[Start of Attachment]

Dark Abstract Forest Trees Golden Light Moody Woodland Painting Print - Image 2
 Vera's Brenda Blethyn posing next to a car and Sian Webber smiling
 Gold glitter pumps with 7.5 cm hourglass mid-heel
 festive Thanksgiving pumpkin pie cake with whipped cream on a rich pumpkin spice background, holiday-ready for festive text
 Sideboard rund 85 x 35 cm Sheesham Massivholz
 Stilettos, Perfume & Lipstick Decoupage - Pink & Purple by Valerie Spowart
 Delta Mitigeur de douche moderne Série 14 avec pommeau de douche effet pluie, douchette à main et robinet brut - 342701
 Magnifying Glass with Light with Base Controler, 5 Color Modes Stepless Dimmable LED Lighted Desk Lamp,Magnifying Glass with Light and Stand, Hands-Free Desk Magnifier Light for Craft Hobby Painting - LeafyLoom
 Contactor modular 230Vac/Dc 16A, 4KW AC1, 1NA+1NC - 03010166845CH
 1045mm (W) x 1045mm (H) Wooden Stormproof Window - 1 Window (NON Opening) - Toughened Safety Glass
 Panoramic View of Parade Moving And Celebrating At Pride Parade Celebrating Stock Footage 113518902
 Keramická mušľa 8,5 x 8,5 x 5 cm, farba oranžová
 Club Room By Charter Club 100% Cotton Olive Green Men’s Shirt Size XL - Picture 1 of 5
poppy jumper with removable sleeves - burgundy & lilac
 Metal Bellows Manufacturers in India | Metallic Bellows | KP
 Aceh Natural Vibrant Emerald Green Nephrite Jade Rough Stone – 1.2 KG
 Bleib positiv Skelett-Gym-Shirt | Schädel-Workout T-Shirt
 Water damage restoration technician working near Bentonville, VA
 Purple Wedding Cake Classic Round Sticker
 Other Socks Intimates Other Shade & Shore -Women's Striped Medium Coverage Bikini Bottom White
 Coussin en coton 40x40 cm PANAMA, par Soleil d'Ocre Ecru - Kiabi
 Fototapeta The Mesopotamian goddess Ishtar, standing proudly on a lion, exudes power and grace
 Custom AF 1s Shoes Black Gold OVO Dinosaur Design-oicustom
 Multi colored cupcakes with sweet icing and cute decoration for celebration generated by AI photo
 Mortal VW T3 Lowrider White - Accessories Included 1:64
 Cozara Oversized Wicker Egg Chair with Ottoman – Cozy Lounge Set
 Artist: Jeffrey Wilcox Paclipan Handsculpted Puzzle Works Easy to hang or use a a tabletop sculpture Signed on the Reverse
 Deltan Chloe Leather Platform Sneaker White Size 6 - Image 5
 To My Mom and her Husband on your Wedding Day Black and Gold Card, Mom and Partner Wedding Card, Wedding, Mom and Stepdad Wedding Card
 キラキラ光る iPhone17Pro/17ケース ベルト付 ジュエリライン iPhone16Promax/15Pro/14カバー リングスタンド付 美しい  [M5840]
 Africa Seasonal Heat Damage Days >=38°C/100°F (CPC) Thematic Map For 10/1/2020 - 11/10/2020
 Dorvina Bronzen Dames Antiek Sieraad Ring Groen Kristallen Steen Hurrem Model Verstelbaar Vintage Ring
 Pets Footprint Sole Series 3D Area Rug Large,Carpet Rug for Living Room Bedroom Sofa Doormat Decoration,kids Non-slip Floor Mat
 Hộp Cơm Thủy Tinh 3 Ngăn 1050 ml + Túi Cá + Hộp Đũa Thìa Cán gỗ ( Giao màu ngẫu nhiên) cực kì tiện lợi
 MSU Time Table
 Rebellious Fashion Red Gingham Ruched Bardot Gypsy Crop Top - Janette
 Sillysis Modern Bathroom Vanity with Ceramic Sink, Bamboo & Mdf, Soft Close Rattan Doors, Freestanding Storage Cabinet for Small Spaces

[End of Attachment]

# TASK INSTRUCTIONS
Without omission, retype the full listing shown above.

# YOUR RESPONSE
Dark Abstract Forest Trees Golden Light Moody Woodland Painting Print - Image 2
 Vera's Brenda Blethyn posing next to a car and Sian Webber smiling
 Gold glitter pumps with 7.5 cm hourglass mid-heel
 festive Thanksgiving pumpkin pie cake with whipped cream on a rich pumpkin spice background, holiday-ready for festive text
 Sideboard rund 85 x 35 cm Sheesham Massivholz
 Stilettos, Perfume & Lipstick Decoupage - Pink & Purple by Valerie Spowart
 Delta Mitigeur de douche moderne Série 14 avec pommeau de douche effet pluie, douchette à main et robinet brut - 342701
 Magnifying Glass with Light with Base Controler, 5 Color Modes Stepless Dimmable LED Lighted Desk Lamp,Magnifying Glass with Light and Stand, Hands-Free Desk Magnifier Light for Craft Hobby Painting - LeafyLoom
 Contactor modular 230Vac/Dc 16A, 4KW AC1, 1NA+1NC - 03010166845CH
 1045mm (W) x 1045mm (H) Wooden Stormproof Window - 1 Window (NON Opening) - Toughened Safety Glass
 Panoramic View of Parade Moving And Celebrating At Pride Parade Celebrating Stock Footage 113518902
 Keramická mušľa 8,5 x 8,5 x 5 cm, farba oranžová
 Club Room By Charter Club 100% Cotton Olive Green Men’s Shirt Size XL - Picture 1 of 5
poppy jumper with removable sleeves - burgundy & lilac
 Metal Bellows Manufacturers in India | Metallic Bellows | KP
 Aceh Natural Vibrant Emerald Green Nephrite Jade Rough Stone – 1.2 KG
 Bleib positiv Skelett-Gym-Shirt | Schädel-Workout T-Shirt
 Water damage restoration technician working near Bentonville, VA
 Purple Wedding Cake Classic Round Sticker
 Other Socks Intimates Other Shade & Shore -Women's Striped Medium Coverage Bikini Bottom White
 Coussin en coton 40x40 cm PANAMA, par Soleil d'Ocre Ecru - Kiabi
 Fototapeta The Mesopotamian goddess Ishtar, standing proudly on a lion, exudes power and grace
 Custom AF 1s Shoes Black Gold OVO Dinosaur Design-oicustom
 Multi colored cupcakes with sweet icing and cute decoration for celebration generated by AI photo
 Mortal VW T3 Lowrider White - Accessories Included 1:64
 Cozara Oversized Wicker Egg Chair with Ottoman – Cozy Lounge Set
 Artist: Jeffrey Wilcox Paclipan Handsculpted Puzzle Works Easy to hang or use a a tabletop sculpture Signed on the Reverse
 Deltan Chloe Leather Platform Sneaker White Size 6 - Image 5
 To My Mom and her Husband on your Wedding Day Black and Gold Card, Mom and Partner Wedding Card, Wedding, Mom and Stepdad Wedding Card
 キラキラ光る iPhone17Pro/17ケース ベルト付 ジュエリライン iPhone16Promax/15Pro/14カバー リングスタンド付 美しい  [M5840]
 Africa Seasonal Heat Damage Days >=38°C/100°F (CPC) Thematic Map For 10/1/2020 - 11/10/2020
 Dorvina Bronzen Dames Antiek Sieraad Ring Groen Kristallen Steen Hurrem Model Verstelbaar Vintage Ring
 Pets Footprint Sole Series 3D Area Rug Large,Carpet Rug for Living Room Bedroom Sofa Doormat Decoration,kids Non-slip Floor Mat
 Hộp Cơm Thủy Tinh 3 Ngăn 1050 ml + Túi Cá + Hộp Đũa Thìa Cán gỗ ( Giao màu ngẫu nhiên) cực kì tiện lợi
 MSU Time Table
 Rebellious Fashion Red Gingham Ruched Bardot Gypsy Crop Top - Janette
 Sillysis Modern Bathroom Vanity with Ceramic Sink, Bamboo & Mdf, Soft Close Rattan Doors, Freestanding Storage Cabinet for Small Spaces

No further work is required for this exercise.